Reputation: 863
This question has been asked and answered elsewhere, but I have yet to find an actual, reliable, working solution. I need to create a query that joins two tables, groups them, but controls which row is returned. Here is a simplified version of the data structure:
tbl_phone.contact_id is a foreign key to tbl_contact.id. primary is a boolean flag to indicate which of potentially multiple phone records is the contact's primary record.

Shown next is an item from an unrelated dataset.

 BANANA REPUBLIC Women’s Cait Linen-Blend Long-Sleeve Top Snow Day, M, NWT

The basic goal is to query all phone records but always return the primary record, unless a specific phone number is queried. Let's say a contact has two phone records, one with "1234" in the number and one with "5678" in the number, and let's say the latter is marked as primary. If the user searches phone = %1234% -- no problem, we return that row. But if we are searching the contact name with no phone filter, it should always return "5678" -- the primary record.
The closest I've come is with a subquery:
SELECT *
FROM (
SELECT c.id contact_id, c.name, p.phone, p.primary
FROM tbl_contact c
LEFT JOIN tbl_phone p
ON c.id = p.contact_id
WHERE [possibly searching name or phone]
ORDER BY p.primary DESC
)
GROUP BY contact_id
So basically, the inner subquery gets all contacts + phone sorted by primary DESC -- so those flagged with a 1 would be listed first. The outer query and group selects a single record per contact. Yes -- I know that GROUP BY breaks the default ONLY_FULL_GROUP_BY mode rule, but let's just go with it for the sake of discussion.

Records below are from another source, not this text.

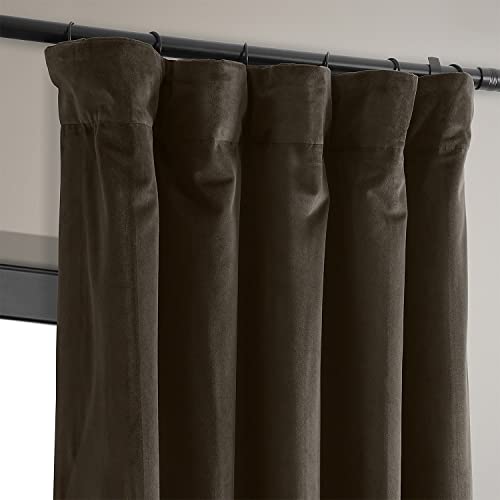 HPD Half Price Drapes Signature Blackout Velvet Curtains 96 Inch Long (1 Panel) 4-Pass Hotel Blackout Lined Window Curtains Thermal Blackout Curtains for Bedroom, Living Room, 50W x 96L, Java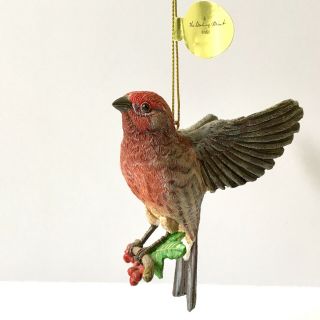 Danbury House Finch Songbird Christmas Tree Ornament Bird Figurine Gold Tag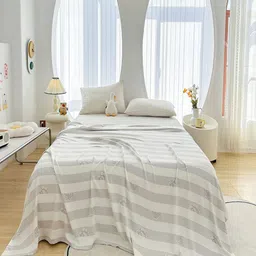 JC HOME Grey & White Floral Mild Winter 300 GSM Double Bed Blanket-image-26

As noted elsewhere, for example: Which row's fields are returned when Grouping with MySQL? ...the MySQL documentation indicates GROUP BY will return rows randomly. BUT... most people find the above to work successfully, because normally the GROUP BY will return the first row of the inner subquery.
However, in my situation, it's not returning that row reliably. And for the life of me, I can't seem to come up with an alternative solution. A couple additional notes:
UPDATE: We are running MySQL 5.7
Upvotes: 0
Views: 48
Reputation: 44013
If you are looking for a specific phone number then your SQL would just be:
SELECT c.id, p.contact_id, c.name, p.phone, p.`primary`
FROM tbl_contact c join tbl_phone p on c.id = p.contact_id
WHERE phone = '212-555-1112'
The other case is where you want to retrieve the primary phone numbers for all or one specific name. Consider the following subquery:
SELECT id, contact_id, phone, `primary`
FROM tbl_phone
WHERE `primary`
This selects all the primary phone numbers from tbl_phone
. Then our query becomes:
SELECT c.id, p.contact_id, c.name, p.phone, p.`primary`
FROM tbl_contact c
LEFT JOIN
(
SELECT id, contact_id, phone, `primary`
FROM tbl_phone
WHERE `primary`
) p on c.id = p.contact_id
WHERE name = 'Jane Doe' /* remove this WHERE CLAUSE to get all orimary phone numbers */
Remove the WHERE
clause in the above SQL to get the primary phone numbers for all contacts.
But why not simply:
SELECT c.id, p.contact_id, c.name, p.phone, p.`primary`
FROM tbl_contact c left join tbl_phone p
ON c.id = p.contact_id
WHERE /* condition */
Examples of the WHERE
clause:
WHERE `primary` /* get all primary phone numbers */
WHERE name = 'Jane Doe' /* get all phone numbers for Jane Doe */
WHERE phone = '212-555-1212' /* get specific phone number */
WHERE name = 'Jane Doe' AND `primary` /* get Jane Doe's primary phone number */
For WHERE
clauses 1, 3, and 4 you might as well be doing an INNER JOIN (actually the is not point in doing an OUTER JOIN unless there will be a case of a contact without at least one primary phone number).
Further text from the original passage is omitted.